I mean busy writing a document, realising I need some info from an email, press the window key, type email open thunderbird, tab to right pane, get info, alt-tab to libre office, complete document, email document all of that without my hands ever leaving the keyboard. Its power :)

So yeah even if kubuntu starts working on my hardware (I still think it is maybe a kdm issue as that is the only difference between ubuntu and kubuntu right? ubuntu uses lightdm and kubuntu uses kdm...) I will think more then twice about switching back.

whatthefunk
May 12th, 2012, 01:28 PM
I tried that. For example, how do you assign the "remove window decorations" to easystroke? I could never get an answer to that. If you know, I'd love to find out. I also could never figure out how to assign "shade window" to the mouse scroll button.

Edit: Not to be a Xubuntu Fanboi, but one of the cool things I can do with Xubuntu (as with LXDE) is to remove the window decorations between the app window and the panel. This makes both LXDE and Xubuntu just as efficient as Unity (and better). I can do this with a keystroke. I never figured out how to do this with KDE. In terms of my own usage, KDE just isn't very customizable - not where it matters to me.

In KDE, if you can do something in the command line, you can assign a gesture/keystroke to do it. I havent played around with it but Im pretty sure that you could create an alternate configuration file using the GUI, save that file and then write a simple bash script to swap that config file for another one..

SeijiSensei
May 12th, 2012, 02:34 PM
That has always been my experience also, Wolfen69...in fact i was running a live iso of kubuntu 12.04 and after installing the restricted extras could NOT get the flash to work (even after re-installing THREE TIMES)....when i ran live isos of 11.10 and 12.04 and added the restricted extras everything worked automatically (including Flash)...

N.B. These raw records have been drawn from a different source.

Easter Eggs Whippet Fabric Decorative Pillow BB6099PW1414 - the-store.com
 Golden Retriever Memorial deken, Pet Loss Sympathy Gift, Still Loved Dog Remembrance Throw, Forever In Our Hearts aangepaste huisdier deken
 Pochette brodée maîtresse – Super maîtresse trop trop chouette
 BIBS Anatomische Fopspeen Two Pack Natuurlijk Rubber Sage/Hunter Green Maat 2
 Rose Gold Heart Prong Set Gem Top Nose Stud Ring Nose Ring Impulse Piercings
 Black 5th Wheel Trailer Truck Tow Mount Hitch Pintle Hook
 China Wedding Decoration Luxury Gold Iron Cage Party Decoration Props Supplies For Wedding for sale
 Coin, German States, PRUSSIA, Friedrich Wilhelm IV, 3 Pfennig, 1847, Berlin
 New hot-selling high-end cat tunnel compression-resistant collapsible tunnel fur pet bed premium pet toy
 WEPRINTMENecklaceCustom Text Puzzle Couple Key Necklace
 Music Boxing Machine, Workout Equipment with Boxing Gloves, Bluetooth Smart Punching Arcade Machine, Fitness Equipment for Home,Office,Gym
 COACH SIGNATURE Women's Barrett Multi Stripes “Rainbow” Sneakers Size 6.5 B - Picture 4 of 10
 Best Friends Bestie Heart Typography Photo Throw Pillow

These days the Flash plugin is in the "partner" repository and not a restricted extra. Activate the partner repository by uncommenting the appropriate line in /etc/apt/sources.list, then run



sudo apt-get update
sudo apt-get install adobe-flashplugin


Close your browser and reopen it again. Works like a charm here, and everywhere else I've tried it.

And why do you want to remove the wallet application? It's certainly useful for things like wifi connectivity so you don't have to retype the passphrase all the time. (My WPA-PSK2 passphrase is a whole sentence. I'd rather it be kept in the wallet.) If you want to modify the wallet settings, go to System Settings > Account Details. If you want to avoid having to type in a password when the wallet appears, just give it a blank one. Then you'll pretty much never see the wallet application at all.


Yeah, Kubuntu and KDE is really an amazing beautiful looking OS to work with.

However for some reason 12.04 is extremely unstable on my laptop.

Did you install Kubuntu into a clean partition, or did you install on top of Ubuntu 12.04?

craig10x
May 12th, 2012, 02:38 PM
good point...didn't think about checking the "software sources" in kde's package manager...which probably didn't have those outside sources checked by default on the live iso but usually is checked automatically when you actually install kubuntu...

that is probably why the flash wasn't working....

what about kwallet by the way...i have always found that to be annoying...it seems to insist on a password on certain programs...

georgelappies
May 12th, 2012, 03:26 PM
Did you install Kubuntu into a clean partition, or did you install on top of Ubuntu 12.04?

Hi SeijiSensei, yes I installed into a clean / and a clean /home partition.